Those pesky journalists
A couple of weeks ago I penned a blog entry that was critical of both Google and major brands with regard to the shit storm surrounding ad placement on YouTube. Those brands had discovered their ads were being placed alongside extremist content and as a result, both Google and the brands concerned were, in effect, providing funding to the owners of that extremist content.
Nobody is suggesting that either Google or the brands were doing this knowingly but that doesn’t mean they don’t deserve criticism. The brands ought to be exercising some due diligence by monitoring (much more closely) where their ads appear and Google has a responsibility to ensure it isn’t facilitating the funding of extremists.
Google’s latest comments, in a recent Recode interview with the company’s chief business officer, Philipp Schindler, suggest Google simply doesn’t understand how serious an issue this is. The following passage extracted from the Recode interview, in which Schindler is talking about the size of the problem, is very telling:
“It should always be smaller. It’s our responsibility to make it smaller. Let’s not take away from that. But remember, we’ve had that problem, at scale, for a long time. The whole industry [has], even traditional. The problem comes from the fact that somebody is aggressively putting it onto the front page.”
So, an acknowledgement that there is an issue and that it’s been going on for some time, but hang on a minute, “the problem comes from the fact that somebody is aggressively putting it onto the front page.” That statement, I believe, provides us with a unique insight into the way the ‘Google mind’ thinks.
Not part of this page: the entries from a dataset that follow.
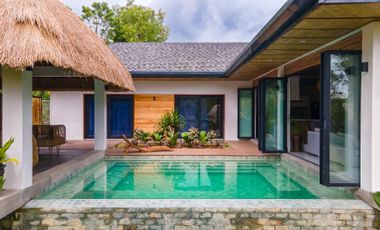 Luxury Villa For Sale in Panglao Island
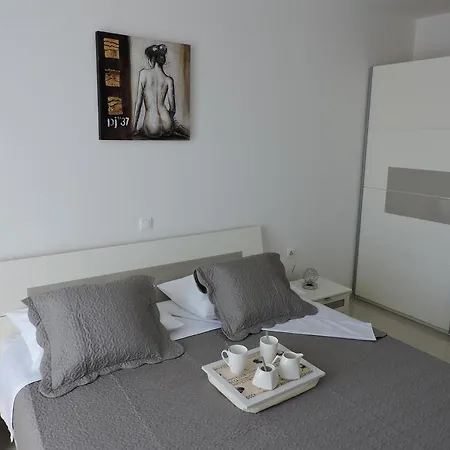 Residenca Apartment Novi Vinodolski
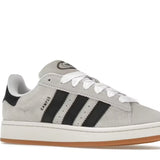 adidas Campus 00s Crystal White Core Black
How else should we interpret it other than to conclude that Google would be happy to leave things as they are and simply find a way to shut up those pesky journalists (and others) who seek to question the fundamentals of this advertising model? It’s a staggering example of corporate arrogance.
I wonder if it has actually occurred to anyone at Google that lots of people actually do care about this issue, that the journalists covering the story are simply reflecting their strongly held views, and that they aren’t simply taking cheap shots at a ‘tall poppy’.
I don’t think any of us know how the issue will eventually play out however, from a communications perspective Google needs to think very carefully about the public statements its employees make. So far, it seems to have handled things very badly and few appear convinced that, of its own volition, it will do everything it reasonably can to address the shortcomings.
The vacuum of inaction is only likely to draw in greater scrutiny from Google’s customers, and from regulators. Perhaps that’s not a bad outcome in the circumstances.